Baize’s communications variously described Victim in unflattering terms and accused her of indiscretions. Indeed, our review of the record reveals that Baize’s emails to Victim are replete with examples of Baize directing his comments to Victim’s alleged attributes rather than a discussion of co-parenting needs or the needs of the child.
We find the argument that Baize’s comments took place in the context of communication about their child unpersuasive. Baize’s concerns regarding their child’s well-being or Victim’s parenting could have been effectively communicated without personal commentary about Victim. In fact, Baize admitted at trial that he was “[g]ambling on” Victim construing the comments he made in his emails as “personal attacks.”

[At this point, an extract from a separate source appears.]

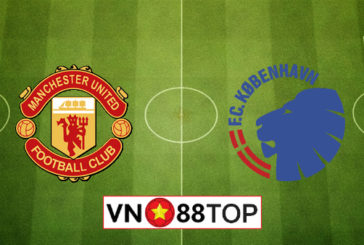 Soi kèo nhà cái, Tỷ lệ cược Manchester Utd vs FC Copenhagen - 02h00 - 11/08/2020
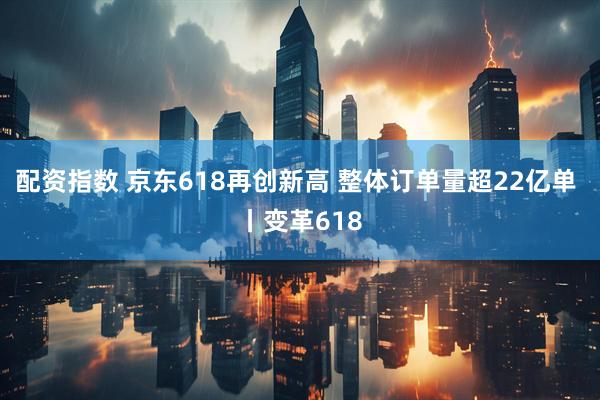 配资指数 京东618再创新高 整体订单量超22亿单 丨变革618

 Baize also argues on appeal that the jury should have been instructed on the definition of stalking. But at trial, the State stipulated that the court would consider instructing the jury on the definition of stalking only “[i]f the State [brought] in evidence of stalking.” The State did not attempt to introduce evidence of stalking, and Baize did not again request that the trial court instruct the jury on the issue of stalking. Consequently, Baize waived this aspect of his argument below and cannot raise it on appeal. See State v. Johnson, 2017 UT 76, ¶ 16 n.4, 416 P.3d 443 (“Waiver, in the context of raising an issue before a court, is generally the relinquishment or abandonment of an issue before a trial or appellate court. . . . If an issue has been waived in the trial court, that issue is not preserved for appeal.”).
 5. We resolve this aspect of Baize’s appeal by declining to apply strict statutory definitions, but we note that the language of the relevant provisions of the protective order was written broadly and did not suggest that Baize was prohibited from engaging in only physically violent behavior or in making threats of violence. Baize’s violence-based reading of the protective order’s terms conflicts with the public policy underlying the entire domestic violence statutory scheme:
Because of the serious, unique, and highly traumatic nature of domestic violence crimes, the high recidivism rate of violent offenders, and the demonstrated increased risk of continued acts of violence subsequent to the release of a perpetrator who is convicted of domestic violence, it is the finding of the Legislature that domestic violence crimes warrant the issuance of continuous protective orders . . . because of the need to provide ongoing protection for the victim . . . . [T]he court shall issue a continuous protective order at the time of the conviction or sentencing limiting the contact between the perpetrator and the victim unless the court determines by clear and convincing evidence that the victim does not . . . have a reasonable fear of future harm or abuse.
Utah Code Ann. § 77-36-5.1(6)(a)–(b) (LexisNexis Supp. 2019); see also State v. Hardy, 2002 UT App 244, ¶ 17, 54 P.3d 645 (“The state has an inarguably significant interest in protecting the health and well-being of its citizens. In furtherance of this goal, the state has created a mechanism whereby the victims of domestic violence may obtain civil orders of protection against their abusers. As part of this protection, the court may prohibit the abuser from having any contact, direct or indirect, with the victim or the victim’s family.”). Thus, the statute’s purpose is to protect domestic abuse victims from further abusive behavior in the broad sense, including psychological abuse and other forms of controlling behavior. Baize’s violence-based interpretation of the protective order’s terms appears to run contrary to the significant interest the State has in protecting the overall health and emotional well-being of its citizens.